My kids are really sensitive, so when they have to be reprimanded, they take it hard (for like a second before they go right back to misbehaving again). But nothing in the world is better than a live snuggle buddy who loves you no matter what when you're feeling down.



4) He LOVES them so hard.

Every morning when they wake up, he'll spend a half hour celebrating this momentous occasion. When they come home after being away, or even if they just come inside after playing outside for a bit, all bets are off for ten minutes while he licks them to death and wags his tail ecstatically. He does not hide his emotions, and his emotions are OMG YOU ARE BACK I HAVE MISSED YOU SO MUCH LET ME LOVE YOU RIGHT NOW I CANNOT HANDLE THIS. They love it and need it in their lives.



5) He gives them something to take care of.

They worry over him, and take charge of him as if he were their own kid. They help feed him and give him water and take him outside and make sure he's feeling happy all the time. This has the added benefit of them realizing that the sun doesn't rise and set on their faces alone. With a smaller thing in their lives, they see that they might not be the end-all be-all forever for everyone, and that other things may also need our compassion and strength. It's helping them (slooooowly) become big girls.




Fletch has been the perfect addition to this family. Absolutely.








Monday, February 16, 2015

Puppy Adolescence

So, we have this puppy, and so far he's been great. He listens pretty well, and is cute and well-behaved.



Well, until a few days ago.

Suddenly, the dog I had almost finished house-training, to the point where he would whine and scratch at the door if he had to go out, was not only going in the house by accident, but seeking out opportunity to do it on purpose. Refusing to go outside, in fact, then peeing as soon as we came in.

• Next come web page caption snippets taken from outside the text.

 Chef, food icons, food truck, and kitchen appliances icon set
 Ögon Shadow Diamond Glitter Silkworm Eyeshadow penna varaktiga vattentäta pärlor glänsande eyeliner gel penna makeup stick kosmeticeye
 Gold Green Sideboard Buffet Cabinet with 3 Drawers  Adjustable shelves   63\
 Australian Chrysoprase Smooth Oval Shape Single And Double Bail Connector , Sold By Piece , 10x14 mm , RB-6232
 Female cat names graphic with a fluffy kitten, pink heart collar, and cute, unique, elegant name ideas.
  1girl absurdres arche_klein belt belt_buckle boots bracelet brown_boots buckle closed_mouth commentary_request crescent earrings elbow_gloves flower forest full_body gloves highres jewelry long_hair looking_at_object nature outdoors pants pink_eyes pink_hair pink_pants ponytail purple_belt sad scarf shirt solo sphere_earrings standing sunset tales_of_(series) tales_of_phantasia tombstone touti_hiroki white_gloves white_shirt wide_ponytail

The dog who has  been sleeping through the night since the first week we got him started getting up, not just to go potty and go back to bed at 3 a.m., but full-on wanting to play and being a total nuisance at 3 a.m. We had to go back to the crate last night to get him to calm down to sleep--something we haven't had to do in ages.

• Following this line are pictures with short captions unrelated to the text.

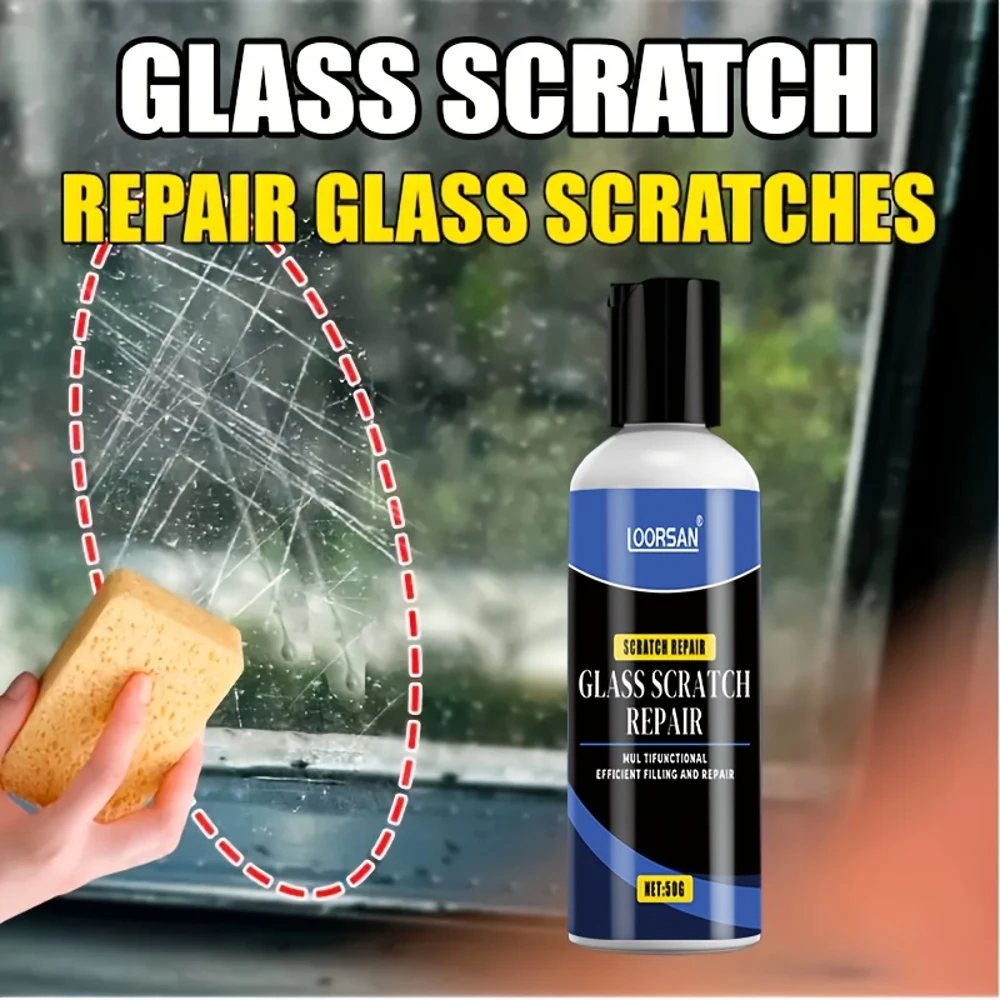 LOORSAN Glass Scratch Repair Wax - 30-Second Scratch Remover for Windshields, Windows, Glasses - No Grinding Required, Easy DIY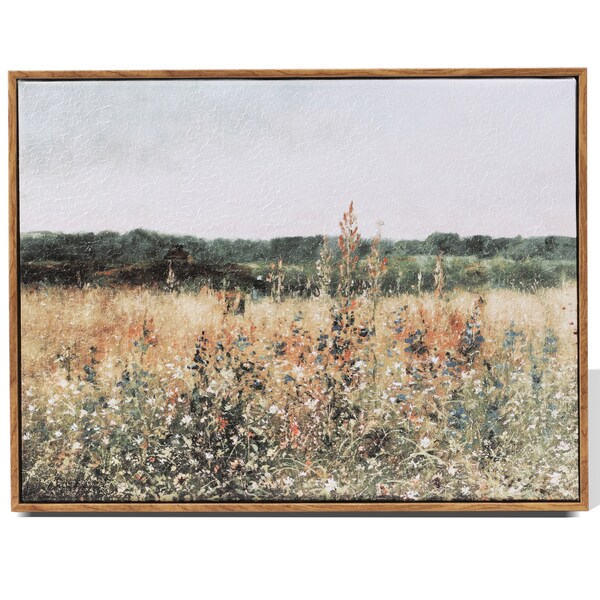 Framed Canvas Wall Art Wildflower Field, Botanical Floral Vintage Framed Painting Modern Wall Art Prints for Bedroom Nursery and Living Room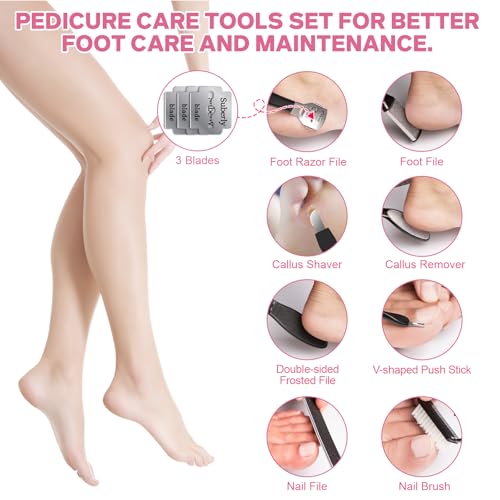 Electric Foot File - Callus Remover for Feet, Adjustable 3 Speed Foot Callus Remover with 16 in 1 Pedicure Tools Professional Foot Care, to Remove Dead Skin and Calluses Hard Skin Dry Cracks (Black)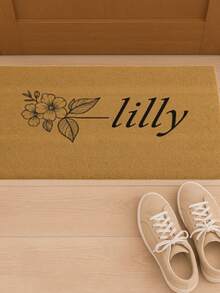 1PC Custom Personalized Door Mat - Can Add Names And Floral Patterns, Suitable For Entrances, Doorways, Or Balconies. Anti Slip And Durable Welcome Pad, Suitable For Housewarming, Newlyweds, And Birthday Gifts. High End Handwritten English Font Design, Exclusive Customization For Family And Friends, Enhancing Home Taste.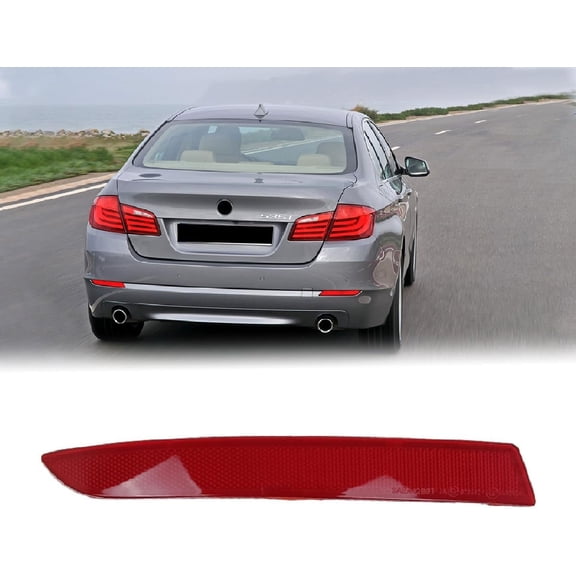 BINB ROAD Rear Left Bumper Reflector Light LED Driver Side Red Trim 63147318555 Compatible with BMW 528i 528ix 535d 535dx 550i 550ix Hybrid 5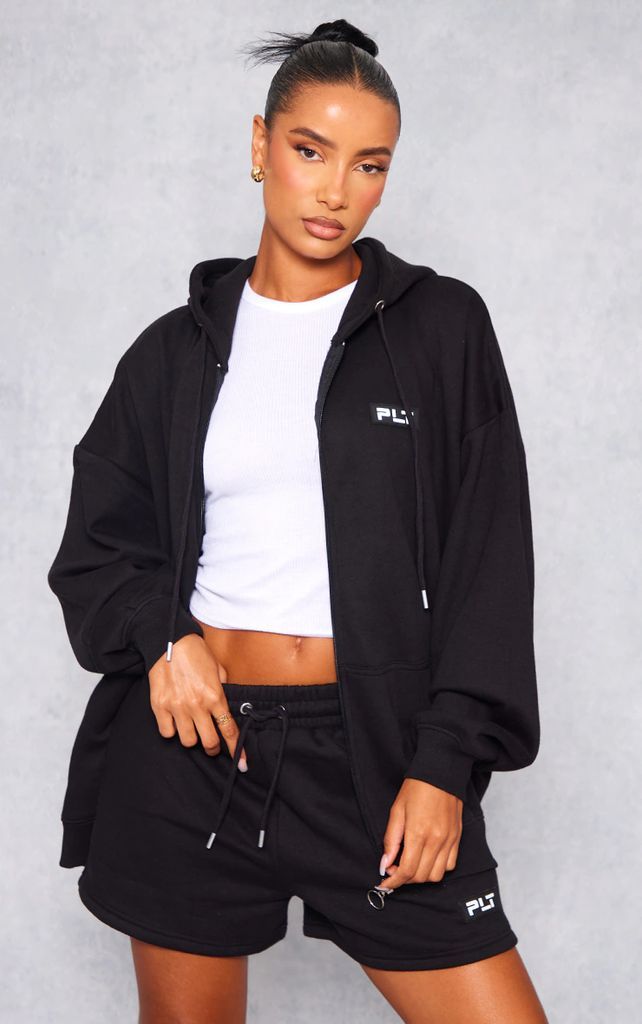 Black Badge Oversized Zip Up Hoodie, Black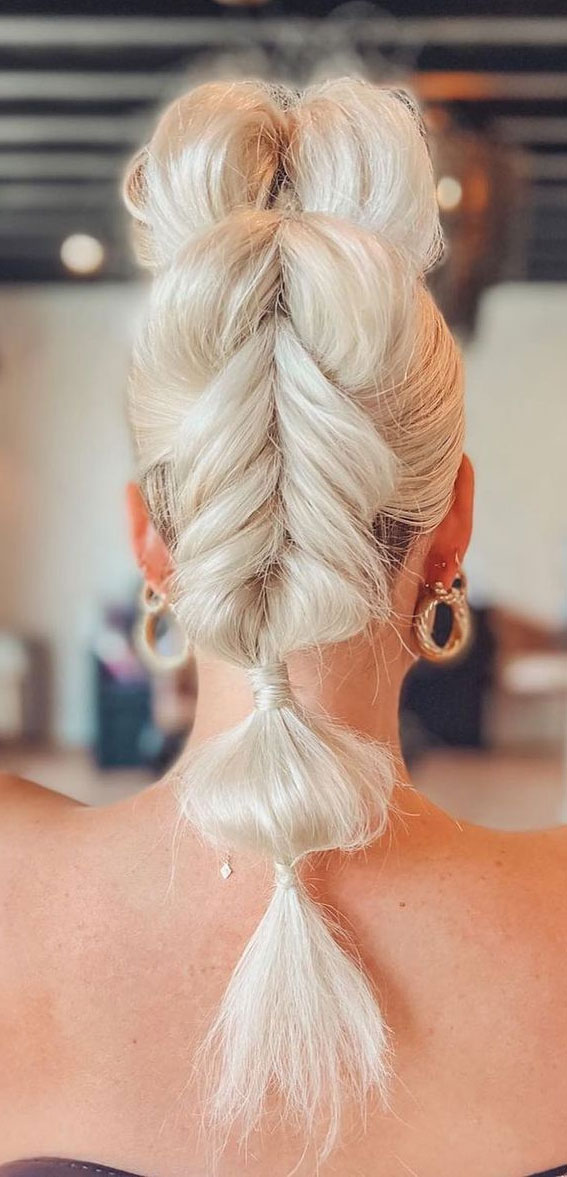 50+ Cute Hairstyles For Any Occasion : Pearly Chunky Pull Through Braid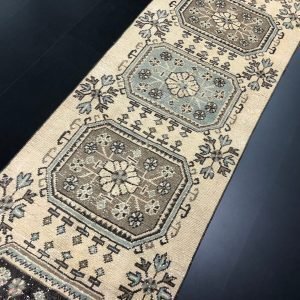 Vintage Faded Runner Rug, Bohemian Home Decor Hallway Runner Rug, Tribal Traditional Runner Carpet, 11'.6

The dog who listened to 'no biting' and would lick instead, though you could tell he wanted to play his puppy games with his teeth began nipping and growling and trying to assert dominance over the kids.

What?

After not sleeping last night due to his antics, I looked up 5-month-old puppy on the Internet. Because I can. And wouldn't you know there's a whole Google page devoted to "puppy adolescence." This is the stage where a male puppy starts trying to take the alpha role in the pack. We're to be calm alphas, always taking care of him, but not letting him get away with his little attitude displays.

Apparently this will lessen when he gets neutered and in small dogs it doesn't last too long anyway.

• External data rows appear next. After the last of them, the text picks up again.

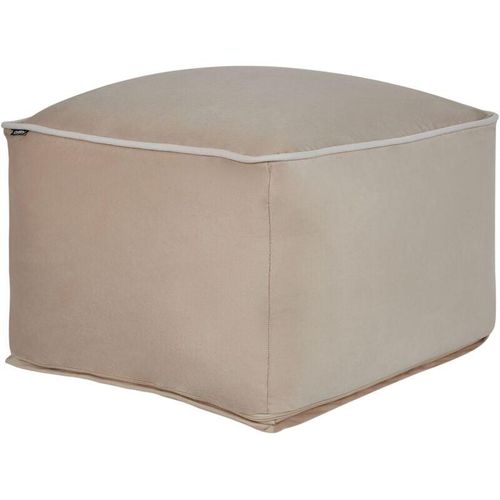 4255664857873 - Beliani - Pouf Sandbeige Samtstoff Quadratisch 50 x 50 x 30 cm mit Paspel Modern Wohnzimmer Schlafzimmer Ausstattung Sitzhocker Fußhocker Bodenkissen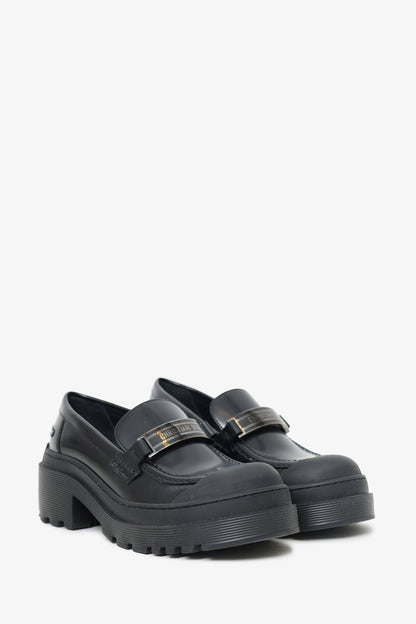 Christian Dior Black Leather/Rubber Toe Loafers Size 37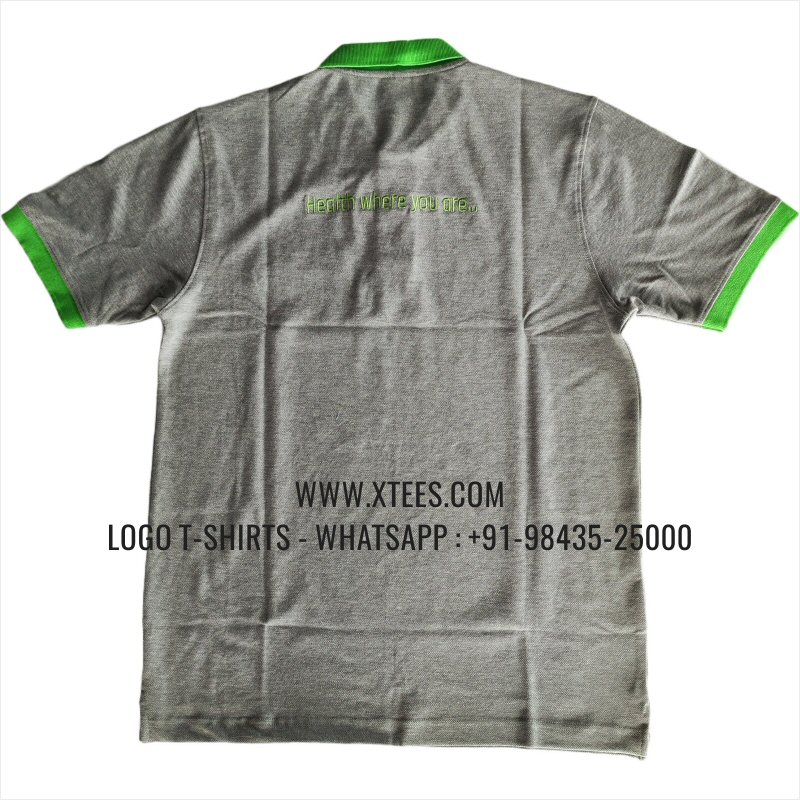 Dual Color Collar Polo T-Shirt | 100% Cotton | 240 GSM Thick Pique Airtex Fabric | Grey Melange | Logo Embroidery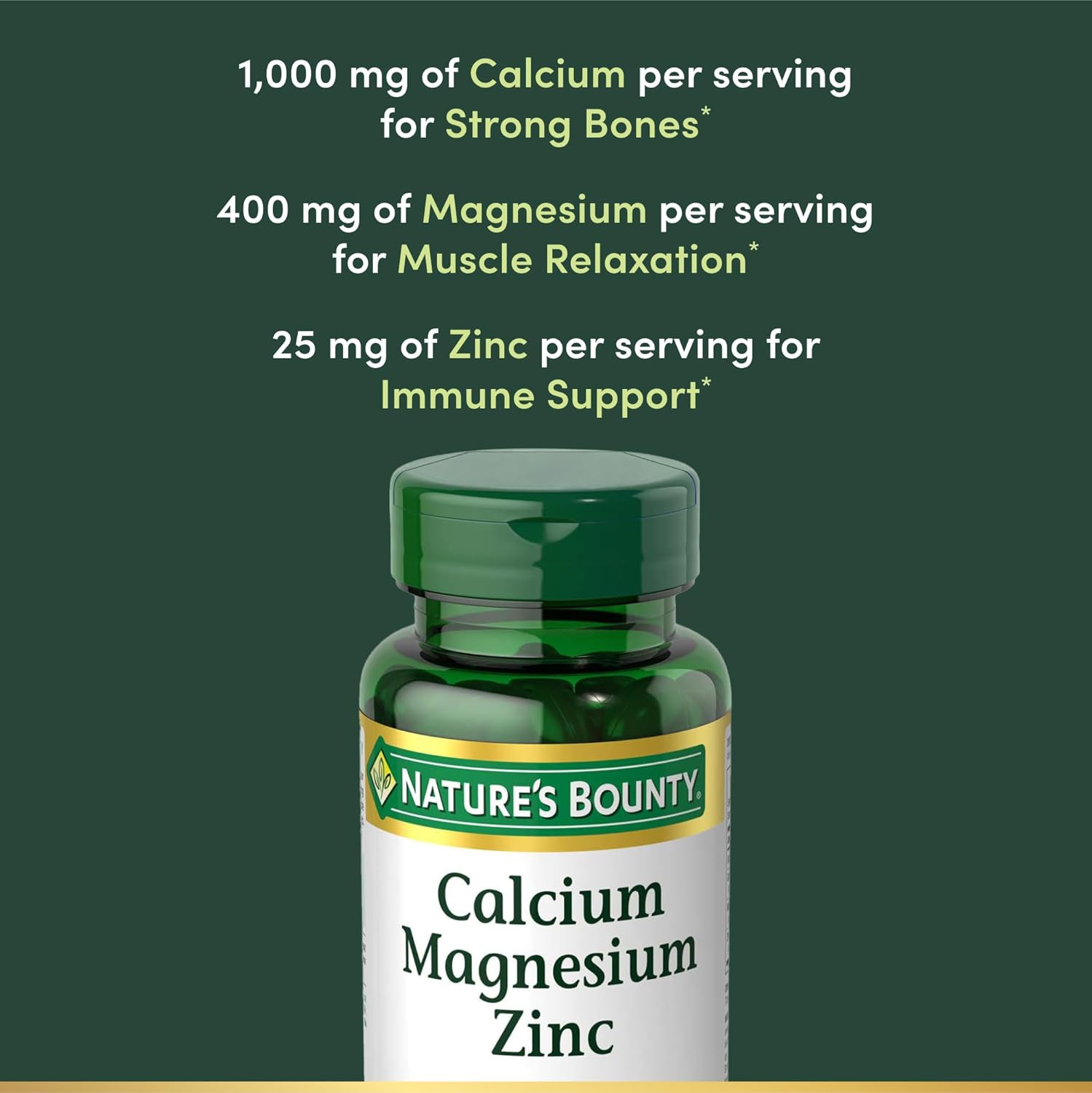 Calcium Magnesium & Zinc Caplets, Immune & Bone Health, Daily Supplement, 1000Mg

In large dogs it's said to last up to a year.

I have no idea how anyone manages to own large dogs.

I've trained a male dog before, but we got him around 5 months and I'm thinking the new situation and environment combined with his previous life left little room for this type of development, so I've never seen it before. Fletch, by contrast, has been with us since Thanksgiving, and certainly knows his way around. Plus he was the largest of the litter, so perhaps his alpha inclinations are stronger.

Online tells me to train, train, train. To continue giving praise when he completes a task or trick and to be stern but calm when he disobeys. I've got twin six year olds. I think I can handle that. I hope.

Regardless, it's probably going to be a rough couple of weeks at Chez Cunha. Hopefully everyone lives through it.






Tuesday, December 16, 2014

In which Facebook tells me my kids will kill a dog

Facebook.

Lovely Facebook.

I realize most people use the social media platform to show the world their ideal selves, throw up their highlight reel. I use mine more like a blooper reel, to  be honest, and for the most part, that serves me well.

I don't care if people know my house is sometimes messy, or if my kids sometimes misbehave. I make mistakes, and I post about those. I fail in the kitchen, in the home, in trying to be fashionable, in writing, in life. And I post about it. Because I'm a real person and I just don't have the energy to put my best foot forward. Sometimes I don't even have a best foot, it's true.

That said, just because I share things that aren't all roses and sunshine all the time, doesn't mean Facebook friends know me any better than they know anyone else. They certainly don't know me better than I do.

That said, I got a dog a few weeks ago.



Before I got this puppy, I had done a lot of research online, finding the right match for our family. I'd been looking since October. I also have had and trained a few dogs in my lifetime, though none so small (he's a Chorkie, and will top out at 8-10 pounds) and none while I had a family.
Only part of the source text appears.